Yetkililer teyit etti
Müdürlüğün web sayfasında ise “Sümela Manastırı, Kültür Varlıkları ve Müzeler Genel Müdürlüğü tarafından yapılacak restorasyon çalışmaları nedeniyle ziyarete kapalıdır” cümlesi dikkat çekiyor. Haberi teyit etmek için aradığımız müdürlüğün ilgili birimleri de manastırın, restorasyon çalışmaları nedeniyle ziyarete halen kapalı olduğunu belirtti.
Ne zaman yapıldı?
Sümela Manastırı’nın Bizans İmparatoru I. Theodosius zamanında (375- 395) Atina’dan gelen Barnabas ve Sophronios isimli iki rahip tarafından kurulduğu düşünülüyor.
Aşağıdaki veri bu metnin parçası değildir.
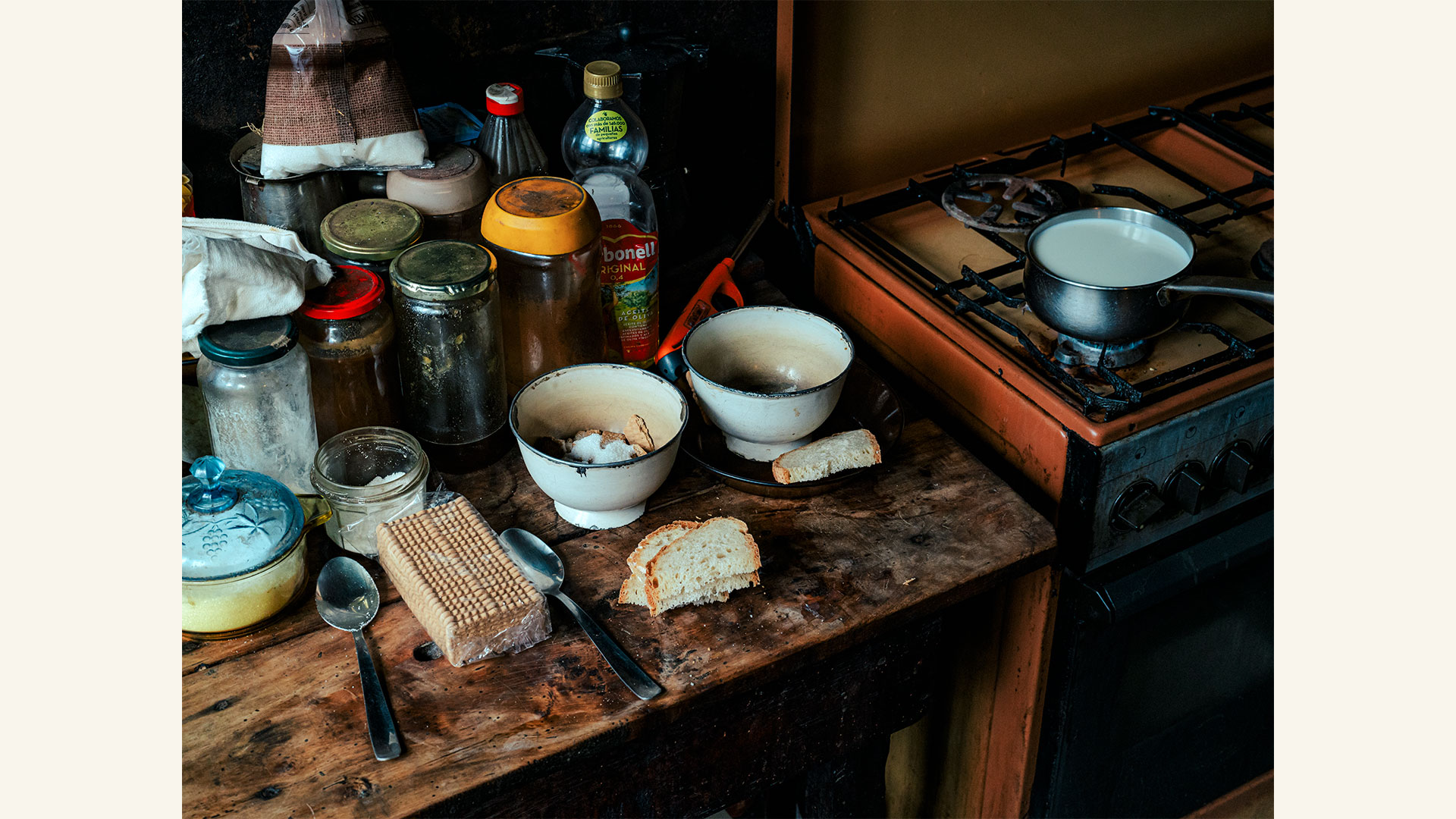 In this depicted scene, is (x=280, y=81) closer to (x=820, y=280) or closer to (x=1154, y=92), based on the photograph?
(x=820, y=280)

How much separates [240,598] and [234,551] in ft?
0.14

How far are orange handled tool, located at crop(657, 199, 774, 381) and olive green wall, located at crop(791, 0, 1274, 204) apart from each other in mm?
204

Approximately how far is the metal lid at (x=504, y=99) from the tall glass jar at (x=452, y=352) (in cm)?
20

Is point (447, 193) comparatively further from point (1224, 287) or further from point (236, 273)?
point (1224, 287)

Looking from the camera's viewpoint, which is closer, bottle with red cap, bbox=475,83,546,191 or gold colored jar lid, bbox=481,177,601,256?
gold colored jar lid, bbox=481,177,601,256

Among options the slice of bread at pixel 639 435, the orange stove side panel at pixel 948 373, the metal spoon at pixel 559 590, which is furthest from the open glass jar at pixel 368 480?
the orange stove side panel at pixel 948 373

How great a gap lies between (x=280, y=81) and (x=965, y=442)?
855 mm

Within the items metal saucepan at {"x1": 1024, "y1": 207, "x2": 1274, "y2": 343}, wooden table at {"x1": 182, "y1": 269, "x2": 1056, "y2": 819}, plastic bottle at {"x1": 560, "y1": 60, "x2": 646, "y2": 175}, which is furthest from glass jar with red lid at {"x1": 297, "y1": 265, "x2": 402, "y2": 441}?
metal saucepan at {"x1": 1024, "y1": 207, "x2": 1274, "y2": 343}

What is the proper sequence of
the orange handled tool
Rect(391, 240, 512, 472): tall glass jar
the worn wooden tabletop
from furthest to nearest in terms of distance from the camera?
the orange handled tool → Rect(391, 240, 512, 472): tall glass jar → the worn wooden tabletop

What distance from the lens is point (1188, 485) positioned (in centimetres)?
126

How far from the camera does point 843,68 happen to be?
61.0 inches

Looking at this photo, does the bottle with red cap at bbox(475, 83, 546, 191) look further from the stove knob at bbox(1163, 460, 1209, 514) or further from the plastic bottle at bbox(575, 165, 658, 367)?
the stove knob at bbox(1163, 460, 1209, 514)

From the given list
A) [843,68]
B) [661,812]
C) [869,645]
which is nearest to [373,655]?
[661,812]

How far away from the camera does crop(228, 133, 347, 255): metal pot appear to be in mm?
1210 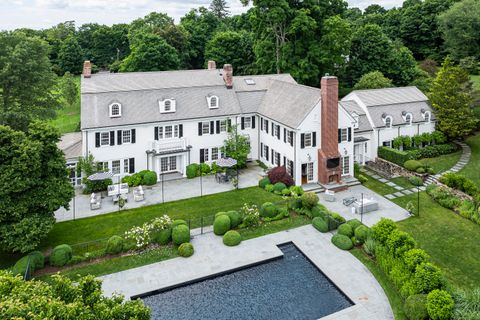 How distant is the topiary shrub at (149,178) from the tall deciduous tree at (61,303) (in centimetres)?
2261

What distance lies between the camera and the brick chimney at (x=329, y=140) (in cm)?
3247

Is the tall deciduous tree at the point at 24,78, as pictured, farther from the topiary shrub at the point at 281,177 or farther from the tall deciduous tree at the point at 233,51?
the tall deciduous tree at the point at 233,51

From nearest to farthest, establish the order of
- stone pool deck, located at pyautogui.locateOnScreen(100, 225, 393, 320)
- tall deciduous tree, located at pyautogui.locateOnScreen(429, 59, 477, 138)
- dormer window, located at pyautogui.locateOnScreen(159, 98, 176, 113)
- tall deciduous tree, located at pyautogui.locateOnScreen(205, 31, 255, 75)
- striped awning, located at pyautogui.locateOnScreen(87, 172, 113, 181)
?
stone pool deck, located at pyautogui.locateOnScreen(100, 225, 393, 320)
striped awning, located at pyautogui.locateOnScreen(87, 172, 113, 181)
dormer window, located at pyautogui.locateOnScreen(159, 98, 176, 113)
tall deciduous tree, located at pyautogui.locateOnScreen(429, 59, 477, 138)
tall deciduous tree, located at pyautogui.locateOnScreen(205, 31, 255, 75)

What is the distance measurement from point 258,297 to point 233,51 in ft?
187

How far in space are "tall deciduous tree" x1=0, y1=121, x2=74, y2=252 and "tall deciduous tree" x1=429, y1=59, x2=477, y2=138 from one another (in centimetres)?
3699

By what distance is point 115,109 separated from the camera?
34.5m

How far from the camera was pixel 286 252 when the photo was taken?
78.9ft

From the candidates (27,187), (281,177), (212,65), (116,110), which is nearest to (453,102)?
(281,177)

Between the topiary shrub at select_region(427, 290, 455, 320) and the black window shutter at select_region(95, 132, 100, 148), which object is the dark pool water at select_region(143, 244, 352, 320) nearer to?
the topiary shrub at select_region(427, 290, 455, 320)

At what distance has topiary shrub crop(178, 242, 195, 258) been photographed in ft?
76.1

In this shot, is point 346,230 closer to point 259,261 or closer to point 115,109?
point 259,261

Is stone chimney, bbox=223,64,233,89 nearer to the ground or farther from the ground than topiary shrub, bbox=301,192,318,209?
farther from the ground

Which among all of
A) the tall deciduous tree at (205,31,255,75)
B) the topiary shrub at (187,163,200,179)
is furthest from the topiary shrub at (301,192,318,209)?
the tall deciduous tree at (205,31,255,75)

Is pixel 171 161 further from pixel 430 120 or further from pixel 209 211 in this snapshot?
pixel 430 120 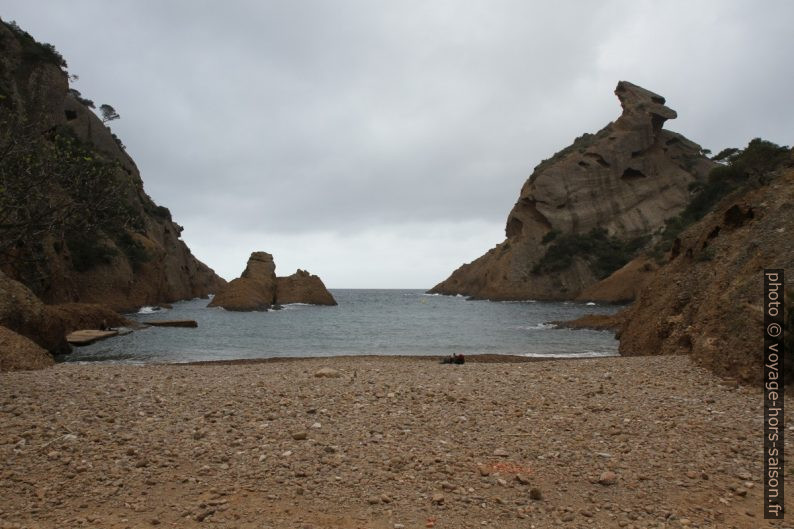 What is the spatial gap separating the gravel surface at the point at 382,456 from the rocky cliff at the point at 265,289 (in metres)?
59.6

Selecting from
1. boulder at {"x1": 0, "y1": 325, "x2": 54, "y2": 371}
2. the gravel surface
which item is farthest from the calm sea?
the gravel surface

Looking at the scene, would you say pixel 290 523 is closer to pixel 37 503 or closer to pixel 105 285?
pixel 37 503

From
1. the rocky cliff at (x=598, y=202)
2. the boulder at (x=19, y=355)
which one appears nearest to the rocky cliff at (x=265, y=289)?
the rocky cliff at (x=598, y=202)

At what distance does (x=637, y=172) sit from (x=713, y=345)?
321 ft

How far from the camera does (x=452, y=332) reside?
36.1 metres

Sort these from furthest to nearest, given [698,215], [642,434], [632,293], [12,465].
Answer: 1. [632,293]
2. [698,215]
3. [642,434]
4. [12,465]

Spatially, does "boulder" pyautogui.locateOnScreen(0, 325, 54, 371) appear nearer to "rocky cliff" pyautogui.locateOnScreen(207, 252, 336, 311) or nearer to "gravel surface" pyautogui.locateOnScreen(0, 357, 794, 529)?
"gravel surface" pyautogui.locateOnScreen(0, 357, 794, 529)

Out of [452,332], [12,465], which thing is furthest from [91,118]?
[12,465]

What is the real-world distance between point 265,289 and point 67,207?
68.7 m

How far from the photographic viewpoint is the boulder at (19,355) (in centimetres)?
1334

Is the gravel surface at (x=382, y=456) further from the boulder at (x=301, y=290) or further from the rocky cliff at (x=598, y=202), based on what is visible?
the rocky cliff at (x=598, y=202)

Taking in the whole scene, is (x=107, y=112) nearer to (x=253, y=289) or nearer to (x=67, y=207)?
(x=253, y=289)

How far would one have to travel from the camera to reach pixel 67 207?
9.10 metres

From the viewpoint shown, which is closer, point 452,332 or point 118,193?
point 118,193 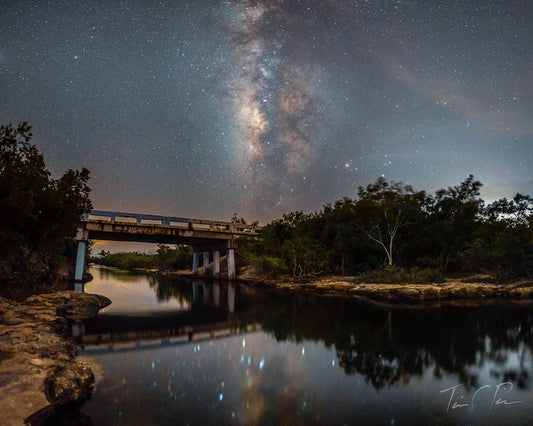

Sümela, manastır işlevini 1923 yılına kadar sürdürdü. Yapı esas olarak ana kaya kilisesi, birkaç şapel, mutfak, öğrenci odaları, misafirhane, kütüphane ile kutsal ayazmadan oluşuyor. Manastırın girişinde su getirdiği anlaşılan su kemeri yamaca yaslanmış durumda bulunuyor. Çok gözlü olan bu kemerin bugün büyük bir bölümü yıkılmış durumda. Avlunun etrafındaki binalar içindeki dolaplar, hücreler, ocaklarda Türk sanatının etkileri de görülüyor. Manastırın ana ünitesini meydana getiren kaya, kilisesinin ve ona bitişik şapelin iç ve dış duvarlarını donatan freskler 18. yüzyılın başlarına tarihlenir. Bu fresklerde üç ayrı devirde yapılan üç tabaka görülüyor.